▶ **GOAL OF THE EXERCISE**
Write out, precisely and in full, each line of the material.
##### DATASET EXCERPT
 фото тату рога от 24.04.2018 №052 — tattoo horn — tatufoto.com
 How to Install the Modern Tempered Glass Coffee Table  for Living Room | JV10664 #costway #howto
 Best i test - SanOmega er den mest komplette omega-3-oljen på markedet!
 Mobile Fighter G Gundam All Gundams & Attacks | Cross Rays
##########
▶ **RESPONSE BOX**
 фото тату рога от 24.04.2018 №052 — tattoo horn — tatufoto.com
 How to Install the Modern Tempered Glass Coffee Table  for Living Room | JV10664 #costway #howto
 Best i test - SanOmega er den mest komplette omega-3-oljen på markedet!
 Mobile Fighter G Gundam All Gundams & Attacks | Cross Rays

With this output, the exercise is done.